C'est trés triste et injuste , mais c'est trés beau de courage et d'exemplarité ! Sa famille peut être fière de lui comme lui doit être fier d'elle de là-haut .........

2. vivi 31/03/2011

très beau poème. Mon frère aussi s' appelait Fabrice, il est parti un matin de janvier 2009, il s'est oté la vie à 39 ans, laissant famille et amis dans l'imcompréhension. lui aussi était et resteras un gentil garçon et un super tonton. il nous manque terriblement. Mais il faut garder les bons souvenirs et ne pas oublier. encore bravo pour le poème
_______--
Merci pour votre gentillesse, la vie est parfois moche, quelqu'un qui se donne la mort laisse toujours derrière lui une incompréhension, on se demande si on à fait ce qu’il fallait, si on aurait du voir des signes, mais hélas ! Courage à vous, le temps finira par guérir ces vilaines blessures, j’espère que de là haut Fabrice vous protégera.

3. lixette 11/06/2011

Emouvant poème, relecture d'une courte et douloureuse vie.
Comme il est dur de voir partir quelqu'un que l'on aime, jeune de surcroit.
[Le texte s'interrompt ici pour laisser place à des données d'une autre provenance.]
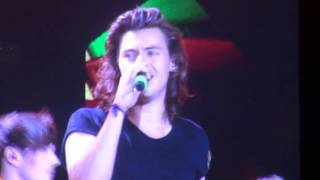 Harry's WMYB Solo - One Direction OTRA MetLife NJ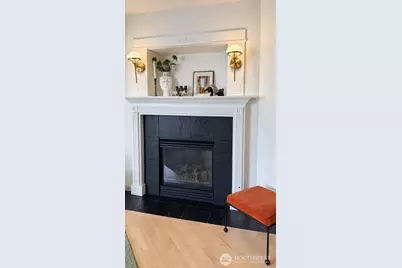 3619 22nd Avenue W #B, Seattle, WA 98199 - Photo 7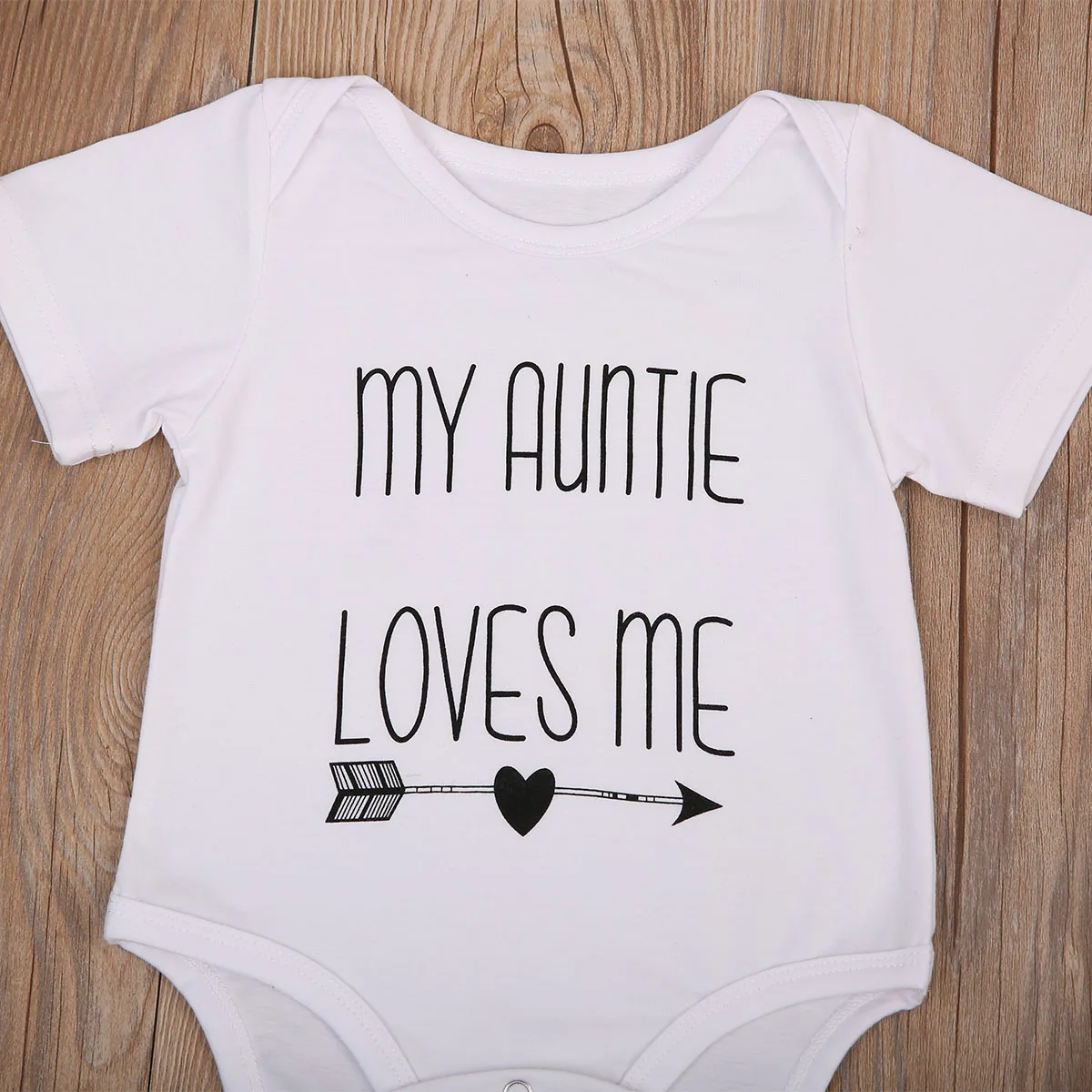Цельнокроеное Боди унисекс с принтом My Auntie Loves Me для малышей| |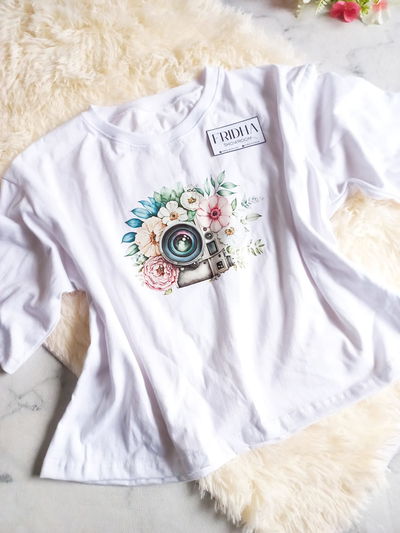 Remera ESTAMPADA | Flores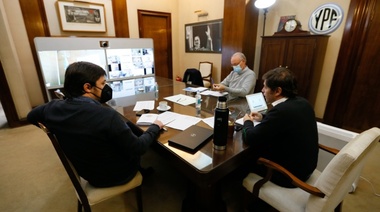 Kicillof mantuvo un encuentro con los directores de los hospitales provinciales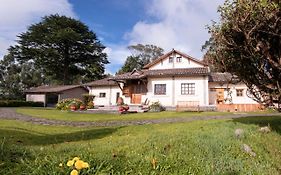 Hotel Hosteria Papagayo Cotopaxi Machachi Exterior photo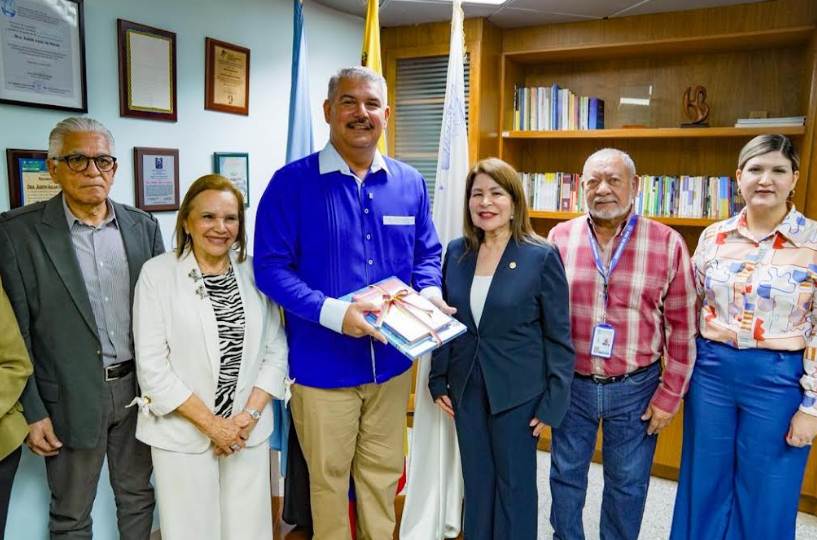 Gobernador Luis Caldera y rectora Judith Aular firmando el convenio del Plan LUZ en Maracaibo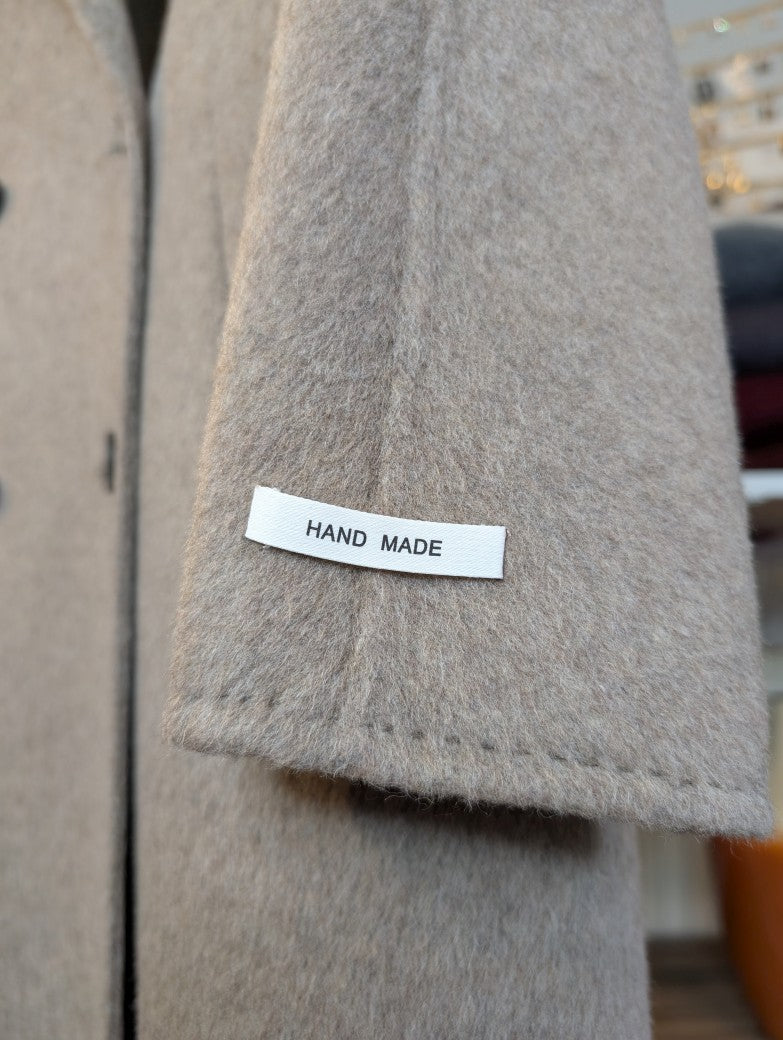 Erleben Sie zeitlose Eleganz mit dem handgefertigten Kaschmir Wollmantel in Taupe von SensUniq - luxuriöse Cashmere Weichheit mit perfektem Tragekomfort!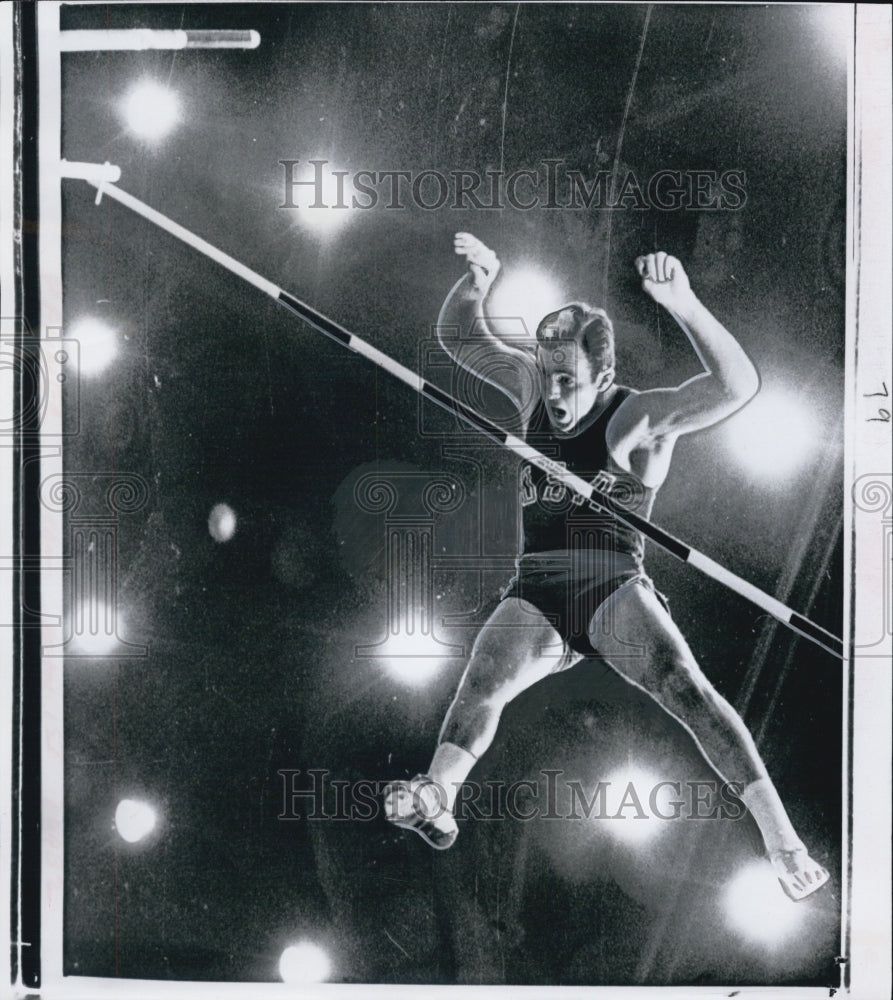 1966 American Pole Vaulter And World Record Holder John Pennel - Historic Images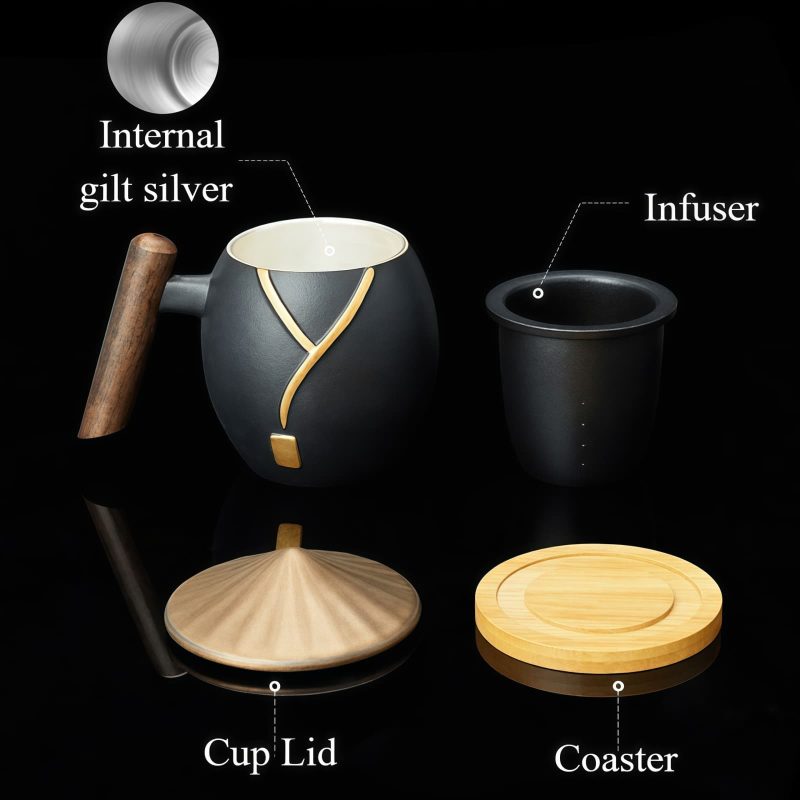 Teebecher aus Porzellan mit Feinsilber-Vergoldung, Holzgriff, Teesieb, Deckel und Untersetzer Gilded Silver Porcelain Tea Mug with Wood Handle & Infuser - 2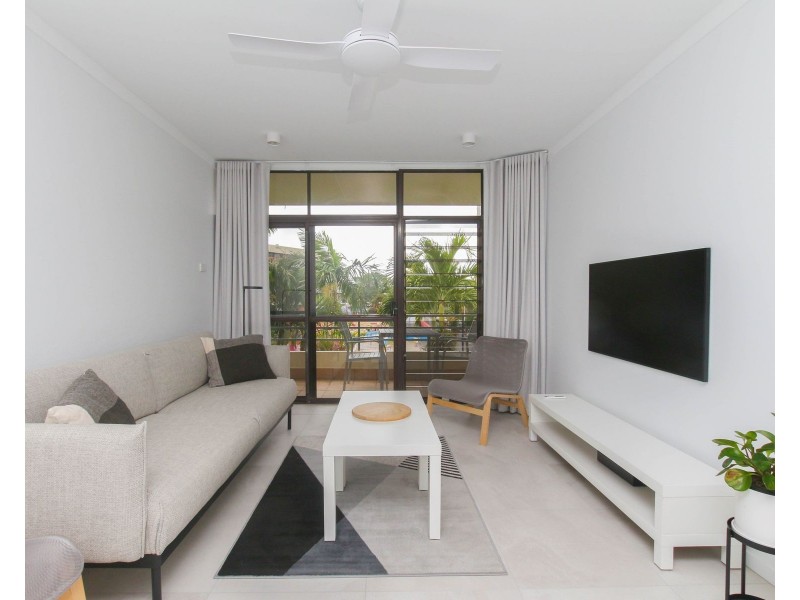 9/221 Lake Street, Cairns North QLD 4870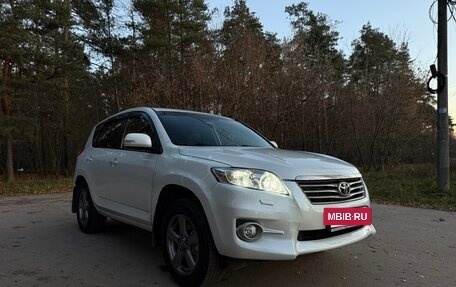 Toyota RAV4, 2012 год, 1 515 000 рублей, 2 фотография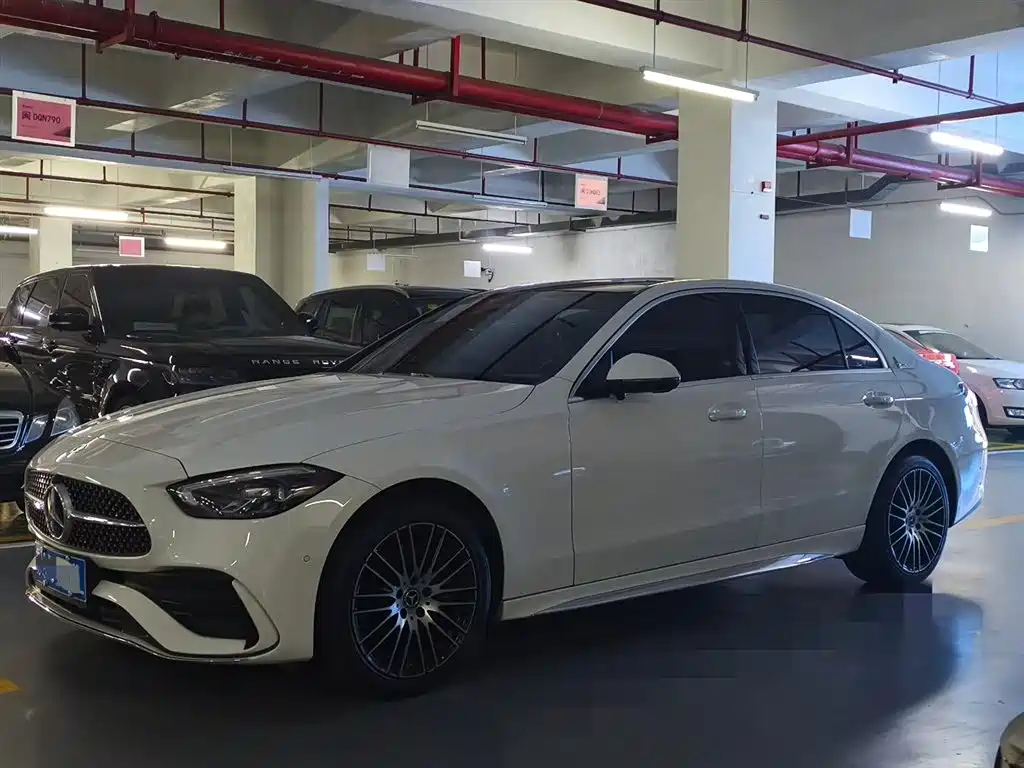 Mercedes-Benz C-Class 2024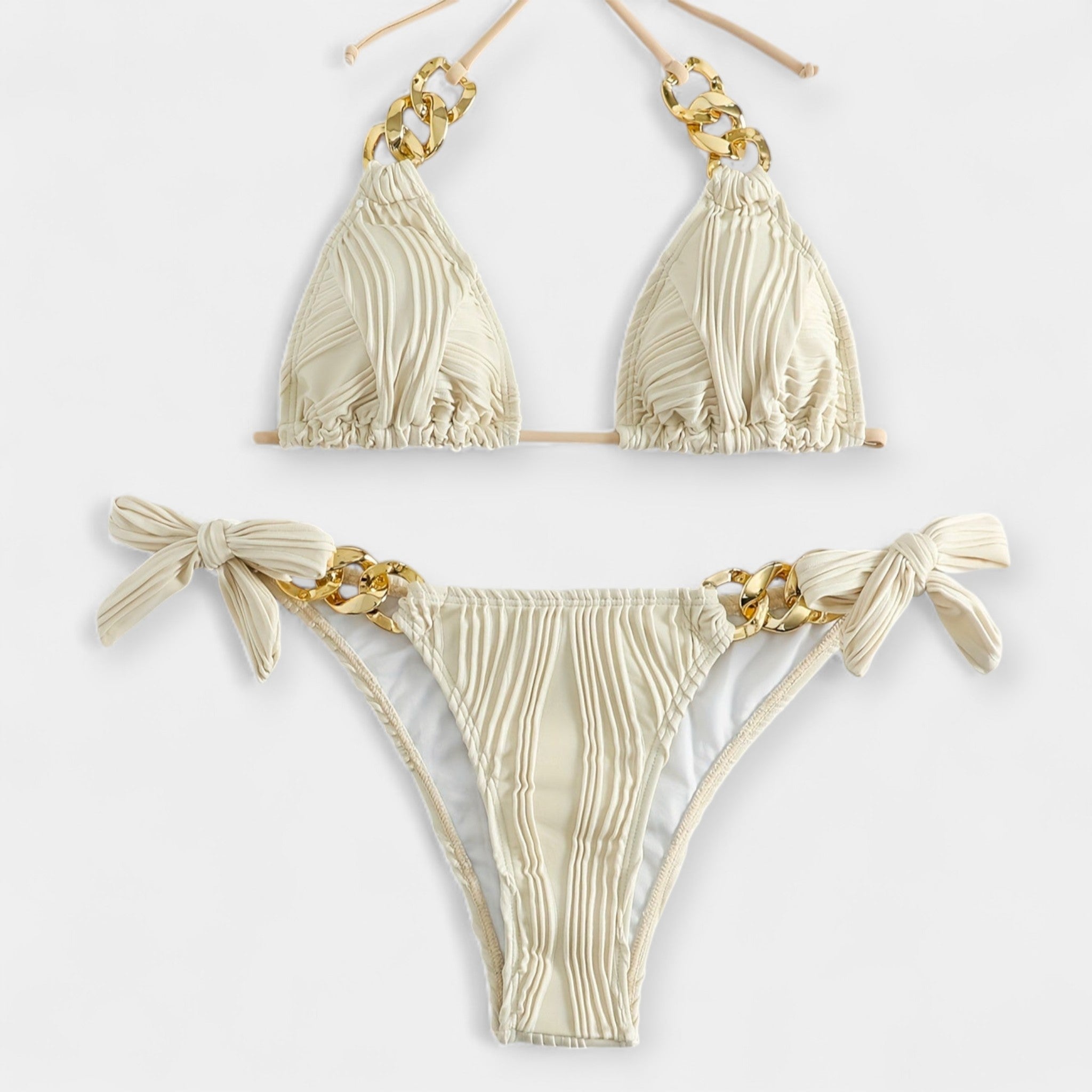 Bikini Moderno con Detalles Dorados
Pourtant en naissant chacun de nous fait déjà un pas vers "la mort" (puisqu'il faut l'appeler ainsi) on l'imagine mal en ce qui nous concerne, c'est pourtant innéductable. On souffre de voir partir ceux qui nous sont chers et le vide qu'ils laissent ne peut être comblé !
J'ai la chance de croire à une autre vie, et je suis sûre que là où ils veillent à présent sur nous avec tendresse.
Je souhaite cette espérance à tous ceux touchés par le drame.